# Under substrate fertilizer for Hemianthus callitrichoides



## menudown (31 Aug 2013)

Hi folks!
I'm a recently joined new member of this society from Korea. But I got a great help for my hemianthus callitrichoides which was yellowing and floating for poor CO2 distribution. Many thanks to 'Ceg4048'.

My first question is that does HC absorb nutrition mainly from their root so do I need to reset my tank after they consumed all fertilizer under substrate? 

Second question is do regular trimming can prevent HC from choking and melting bottom layer?


----------



## zanguli-ya-zamba (31 Aug 2013)

Hi,
Welcome mate ! 
Foliar uptake is easier for plant so they will choose that route.
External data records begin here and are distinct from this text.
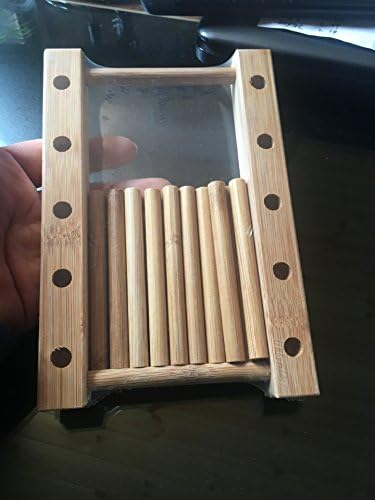 Prato de prato de bambu secagem rack rack rack colapsível escorriador de prato de madeira drenboard stand stand com 4 slot,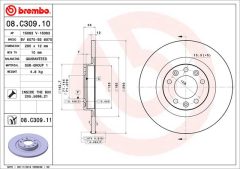 BREMBO 08.C309.10 — Тормозной диск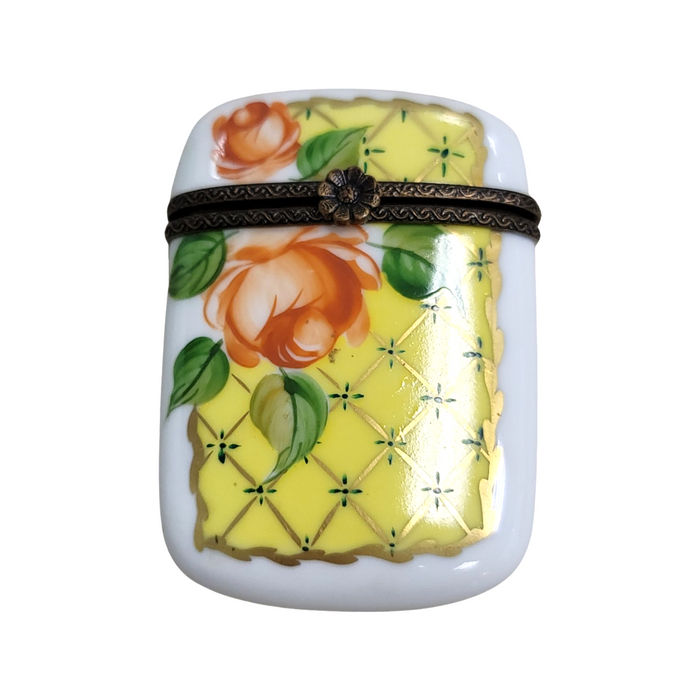 Elegant Yellow Floral Limoges Box Porcelain Limoges LIMOGES BOXES traditional French Trinket Box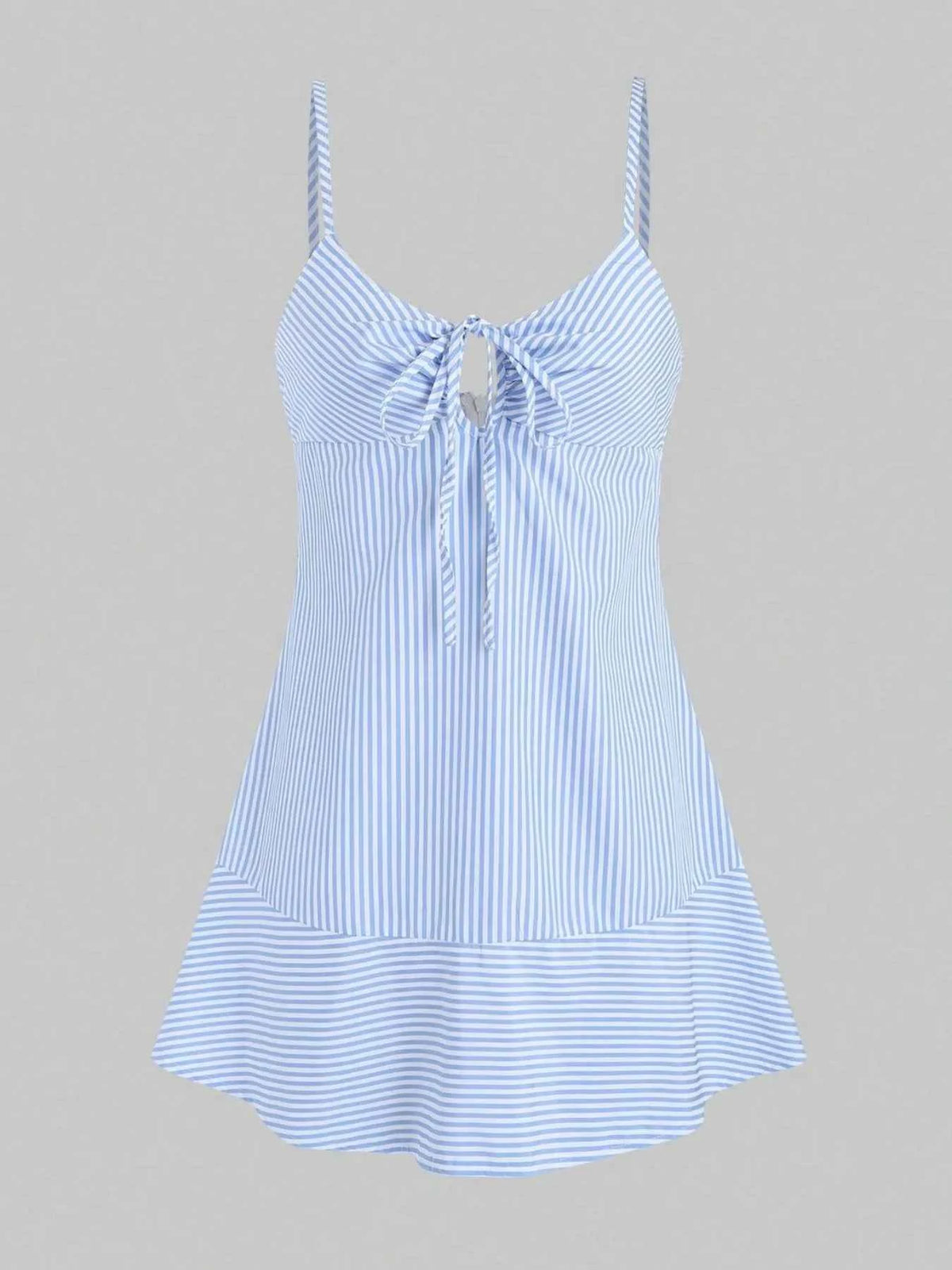 Striped Tie Front Cami Dress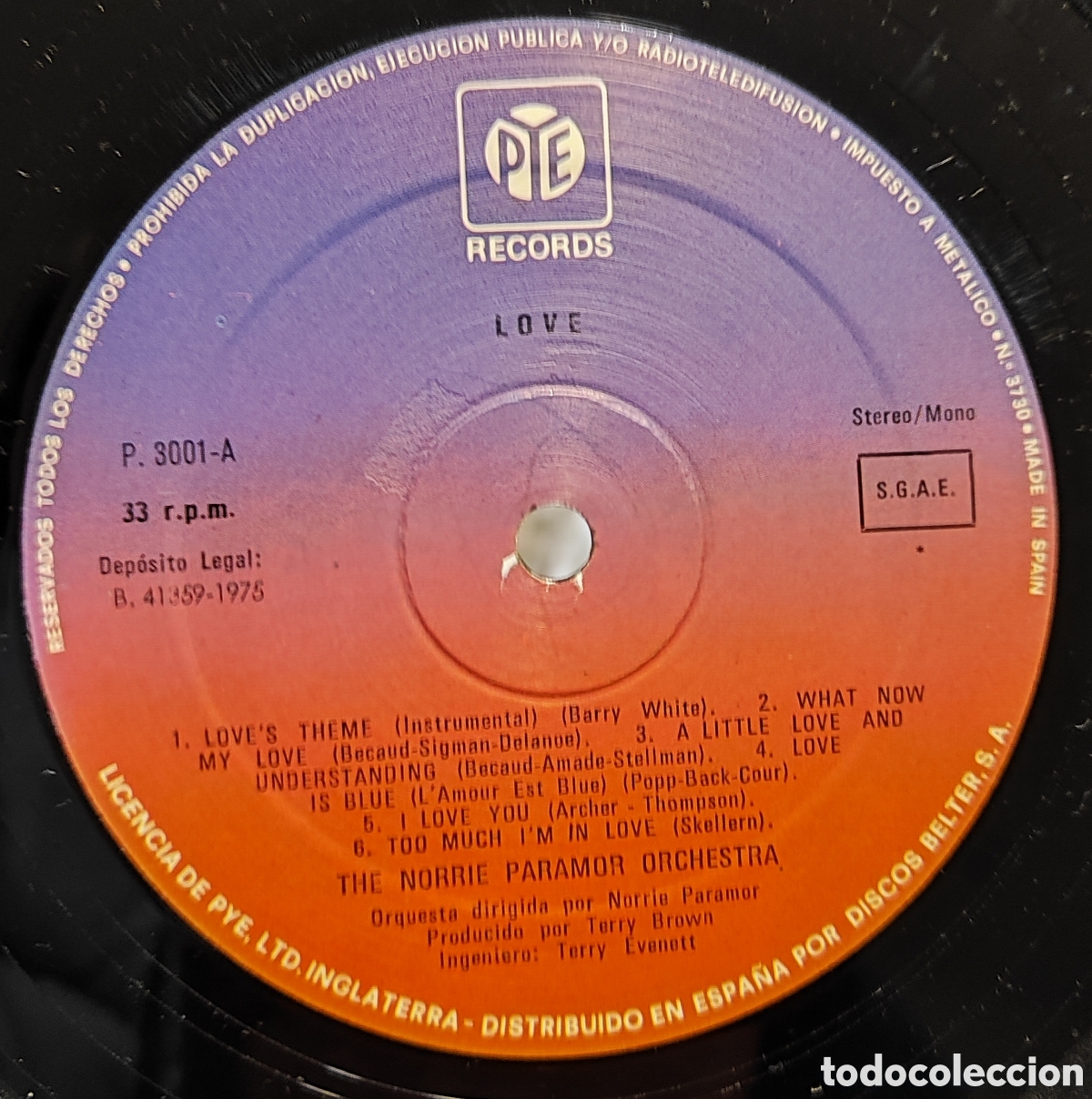 Discos de vinilo: THE NORRIE PARAMOR - LOVE - Foto 2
This will be for HC, crypts, sword Etc...
They will use less energy to take nutrient from there, because it is shorter for them to bring nutrient from leave to tip of the plant, than from roots to tip. 
If you dose water at EI level (high concentration of nutrient) you don't need to have a nutrient rich substrate. So even if roots uptake is a "must" for certain plant, you don't need to put additives in there. 

Trimming HC will not prevent HC from melting. Melting and yellowing is due to poor CO2 methods. But if CO2 is good trimming will help the HC to grow more compact and to side shoot. 

Hope that help mate and that it makes sense. 

Cheers


----------



## Andy Thurston (31 Aug 2013)

If you dont trim hc regularly it will lift where the lower part is starved of light. I cut mine right back as far as i dare when it gets to 2-3 cm high.


----------